Retellings of the Quixote story are almost always centred on a male character. Delusional women are rarely seen as heroic or mock-heroic. They are usually presented as tragic: Norma Desmond in Sunset Boulevard, Grace Wheeler Willis in Columbo: Forgotten Lady. The delusions tend to be internalised rather than externalised. These women believe themselves still young, still famous, still desired. The most delightful exception to this rule is Zootropolis, in which a female rabbit decides against all the odds to move to the big city and become a police officer, although bunnies are usually much too fearful of large predators to consider such a life. Again, as if to confirm the quixotic elements of the story, hallucinations play a pivotal role in the plot.

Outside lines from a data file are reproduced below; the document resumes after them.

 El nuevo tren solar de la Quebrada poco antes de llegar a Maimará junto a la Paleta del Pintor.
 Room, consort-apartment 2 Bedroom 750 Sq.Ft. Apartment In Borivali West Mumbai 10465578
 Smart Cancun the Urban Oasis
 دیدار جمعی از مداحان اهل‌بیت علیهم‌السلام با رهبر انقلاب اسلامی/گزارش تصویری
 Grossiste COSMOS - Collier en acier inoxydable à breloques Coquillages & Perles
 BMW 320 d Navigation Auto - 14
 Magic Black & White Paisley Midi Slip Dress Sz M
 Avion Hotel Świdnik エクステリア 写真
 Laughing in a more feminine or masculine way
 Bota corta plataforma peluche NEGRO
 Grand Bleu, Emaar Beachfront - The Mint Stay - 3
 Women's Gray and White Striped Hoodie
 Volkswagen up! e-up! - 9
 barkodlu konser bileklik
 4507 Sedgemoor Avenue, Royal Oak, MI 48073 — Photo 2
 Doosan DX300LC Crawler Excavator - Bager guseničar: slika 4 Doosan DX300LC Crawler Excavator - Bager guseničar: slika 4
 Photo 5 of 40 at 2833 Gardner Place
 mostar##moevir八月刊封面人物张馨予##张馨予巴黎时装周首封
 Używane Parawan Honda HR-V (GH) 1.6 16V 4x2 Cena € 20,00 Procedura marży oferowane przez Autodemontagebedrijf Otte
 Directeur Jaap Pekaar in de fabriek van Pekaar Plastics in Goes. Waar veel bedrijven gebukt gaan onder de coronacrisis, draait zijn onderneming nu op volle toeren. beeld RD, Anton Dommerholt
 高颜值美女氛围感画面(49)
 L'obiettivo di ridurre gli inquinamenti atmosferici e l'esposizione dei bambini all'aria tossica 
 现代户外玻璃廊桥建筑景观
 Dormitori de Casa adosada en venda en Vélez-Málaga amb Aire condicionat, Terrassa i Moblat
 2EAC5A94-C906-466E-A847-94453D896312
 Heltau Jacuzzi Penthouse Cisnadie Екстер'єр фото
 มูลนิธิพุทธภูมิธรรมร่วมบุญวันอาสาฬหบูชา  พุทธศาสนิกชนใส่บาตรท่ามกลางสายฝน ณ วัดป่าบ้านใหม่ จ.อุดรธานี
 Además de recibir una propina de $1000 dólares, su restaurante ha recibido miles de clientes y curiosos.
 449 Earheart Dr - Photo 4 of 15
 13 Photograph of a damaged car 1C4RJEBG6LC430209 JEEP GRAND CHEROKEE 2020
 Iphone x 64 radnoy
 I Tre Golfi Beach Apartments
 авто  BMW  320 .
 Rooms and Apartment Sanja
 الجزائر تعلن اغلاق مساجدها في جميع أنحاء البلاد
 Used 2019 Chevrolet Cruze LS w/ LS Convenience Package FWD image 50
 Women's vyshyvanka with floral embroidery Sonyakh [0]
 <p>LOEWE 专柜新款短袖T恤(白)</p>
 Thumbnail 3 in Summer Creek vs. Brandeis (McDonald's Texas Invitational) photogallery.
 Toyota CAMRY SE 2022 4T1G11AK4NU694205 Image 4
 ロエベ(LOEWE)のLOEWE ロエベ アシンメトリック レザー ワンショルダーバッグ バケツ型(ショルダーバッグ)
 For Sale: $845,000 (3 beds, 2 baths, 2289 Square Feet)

Spanish-language authors have always been inspired by Cervantes. The Captain Alatriste novels, by Arturo Perez-Reverte, owe a little nod to Cervantes, too: they are set in the period immediately after the publication of Quixote. Perhaps the greatest reworking of Don Quixote is a slyly brilliant short story by the Argentinian writer Jorge Luis Borges, published in 1939. Pierre Menard, Author of the Quixote is about a 20th century writer who decides to rewrite Quixote word-for word in 17th century Spanish. It is not a translation nor an adaptation, but an attempt to recreate the original text in a modern era which would make it an essentially different book.
Is it a hopeless quest? The narrator tells us that the new version would be in many ways superior to the original. The language will have a different weight because of the 300 years that have passed. Like Don Quixote itself, the story is elusive and strange, impossible to categorise. It’s a story recommended by Douglas Adams (whose Arthur Dent is an anti-Quixote: an eminently sane man to whom impossible things keep happening no matter how much he refuses to notice), who said, "You should read Jorge Luis Borges's short story 'Pierre Menard, Author of the Quixote'. It’s only six pages long, and you'll be wanting to drop me a postcard to thank me for pointing it out to you."
So we end as we began, as the song goes: like a circle in a spiral, like a wheel within a wheel. The essence of Quixote in every retelling is a hero who is both noble and deranged, taking on a task which is both impossible and vital. And in spite of his frailty, or perhaps because of it, he offers us something precious – the hope that even in our madness we are inspired.